Download our data

We try to make our data available in ways that are easy to download. No need to scrape our APIs, everything is available in more easily accessible ways.

Text corpus

Our entire text corpus is released regularly on Zenodo. This DOI will always lead you to the latest release version of the corpus on Zenodo: 10.5281/zenodo.3082463; you’ll find links there to earlier release versions.

The texts are also on the OpenITI GitHub page, where they are organized in repositories by language and the death date of the author (grouped per 25 years): e.g., https://github.com/OpenITI/0775AH (Arabic texts by authors who died between 751 and 775 AH), https://github.com/OpenITI/PER0575AH (Persian texts by authors who died between 551 and 575 AH).

You can download all repositories containing Arabic texts using this bash script:

for i in $(seq -w 0025 25 1450); do (echo $i; git clone "https://github.com/openiti/${i}AH.git"); done;

For Persian texts, use this script:

for i in $(seq -w 0025 25 1450); do (echo $i; git clone "https://github.com/openiti/PER${i}AH.git"); done;

Single texts can be downloaded through the KITAB metadata application.

Corpus metadata

Metadata on authors, texts and digital text versions is stored in the text repositories on the OpenITI GitHub page, in YML files.

This metadata is collected into a single file on a daily basis.
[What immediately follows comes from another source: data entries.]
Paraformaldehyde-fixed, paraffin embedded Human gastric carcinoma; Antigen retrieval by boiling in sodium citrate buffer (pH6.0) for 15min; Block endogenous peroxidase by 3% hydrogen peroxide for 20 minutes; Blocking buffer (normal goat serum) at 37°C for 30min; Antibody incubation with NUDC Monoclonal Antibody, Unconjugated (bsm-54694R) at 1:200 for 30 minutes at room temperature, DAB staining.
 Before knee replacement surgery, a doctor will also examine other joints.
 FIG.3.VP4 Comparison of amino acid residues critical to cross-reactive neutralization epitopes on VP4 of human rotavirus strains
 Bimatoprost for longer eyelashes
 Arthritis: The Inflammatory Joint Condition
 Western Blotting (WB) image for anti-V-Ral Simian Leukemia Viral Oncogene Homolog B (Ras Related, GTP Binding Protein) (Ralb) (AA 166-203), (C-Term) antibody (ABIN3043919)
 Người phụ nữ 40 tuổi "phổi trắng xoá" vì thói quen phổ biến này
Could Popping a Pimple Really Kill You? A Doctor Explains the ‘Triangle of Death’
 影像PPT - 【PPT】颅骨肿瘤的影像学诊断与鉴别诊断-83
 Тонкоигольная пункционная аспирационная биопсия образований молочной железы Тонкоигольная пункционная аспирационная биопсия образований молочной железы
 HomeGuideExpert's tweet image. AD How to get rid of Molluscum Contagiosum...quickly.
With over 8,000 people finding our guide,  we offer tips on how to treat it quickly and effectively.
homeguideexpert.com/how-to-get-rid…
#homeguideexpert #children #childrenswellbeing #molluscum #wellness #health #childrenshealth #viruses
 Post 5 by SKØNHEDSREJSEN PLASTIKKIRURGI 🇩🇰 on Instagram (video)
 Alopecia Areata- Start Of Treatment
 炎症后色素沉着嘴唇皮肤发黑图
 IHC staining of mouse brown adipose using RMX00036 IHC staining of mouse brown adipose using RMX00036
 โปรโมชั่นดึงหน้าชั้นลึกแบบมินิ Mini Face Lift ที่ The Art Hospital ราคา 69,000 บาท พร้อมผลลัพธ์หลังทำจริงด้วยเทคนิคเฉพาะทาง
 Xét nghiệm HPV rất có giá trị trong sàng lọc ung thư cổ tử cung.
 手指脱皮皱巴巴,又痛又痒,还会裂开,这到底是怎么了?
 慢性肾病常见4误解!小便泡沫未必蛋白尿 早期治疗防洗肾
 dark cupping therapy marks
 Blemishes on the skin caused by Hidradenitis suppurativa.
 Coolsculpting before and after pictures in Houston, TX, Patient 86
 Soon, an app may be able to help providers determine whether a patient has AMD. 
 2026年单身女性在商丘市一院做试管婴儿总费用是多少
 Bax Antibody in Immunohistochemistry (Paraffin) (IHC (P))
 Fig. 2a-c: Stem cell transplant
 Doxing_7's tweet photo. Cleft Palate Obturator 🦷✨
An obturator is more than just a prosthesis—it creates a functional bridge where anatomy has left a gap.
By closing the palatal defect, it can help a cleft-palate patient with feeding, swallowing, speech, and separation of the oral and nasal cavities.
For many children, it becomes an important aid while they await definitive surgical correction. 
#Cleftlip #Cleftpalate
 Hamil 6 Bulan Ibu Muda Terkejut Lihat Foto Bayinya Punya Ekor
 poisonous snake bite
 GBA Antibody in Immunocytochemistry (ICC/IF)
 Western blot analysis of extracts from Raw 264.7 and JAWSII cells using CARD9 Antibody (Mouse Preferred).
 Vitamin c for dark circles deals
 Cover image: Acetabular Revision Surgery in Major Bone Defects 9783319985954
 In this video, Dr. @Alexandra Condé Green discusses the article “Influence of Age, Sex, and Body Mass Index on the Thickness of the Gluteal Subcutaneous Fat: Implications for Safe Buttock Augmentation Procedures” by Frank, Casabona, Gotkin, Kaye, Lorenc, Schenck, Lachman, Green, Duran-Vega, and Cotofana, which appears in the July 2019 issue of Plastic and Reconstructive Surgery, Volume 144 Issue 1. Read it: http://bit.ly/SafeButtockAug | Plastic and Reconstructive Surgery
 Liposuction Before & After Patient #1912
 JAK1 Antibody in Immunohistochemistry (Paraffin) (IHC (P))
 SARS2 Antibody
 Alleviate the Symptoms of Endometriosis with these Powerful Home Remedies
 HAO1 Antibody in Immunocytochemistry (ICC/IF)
In the kitab-metadata-automation](https://github.com/OpenITI/kitab-metadata-automation) repository on the OpenITI GitHub page you can find the most up to date version of the metadata in tsv and json format.

The metadata (in tsv format) of each release version of the corpus is included in the release zip file on Zenodo; the metadata files can also be downloaded separately from GitHub.

Text reuse data

All text reuse data for a single text (compared pairwise to any other text in the corpus, or to all texts in the corpus at once) can be easily downloaded through our metadata application - click the icon in the text reuse column to open the text reuse pane with all relevant links.

If you want to download all pairwise text reuse data (in tsv format) in one go for the latest corpus release, download it from the KITAB Github page here. Note that to fit the size limits on GitHub, we remove the columns containing the strings of aligned text from the passim’s output. The data still includes the offsets of the aligned strings, so they can be regenerated from the text files. If you need the alignment strings included in the tsv file, you can download them through our metadata application; if you for some reason need all text reuse data for the entire corpus including the strings, please contact us.

If you want to download all text reuse data documenting the overlap of one text with the entire corpus, download it from the KITAB Github page here.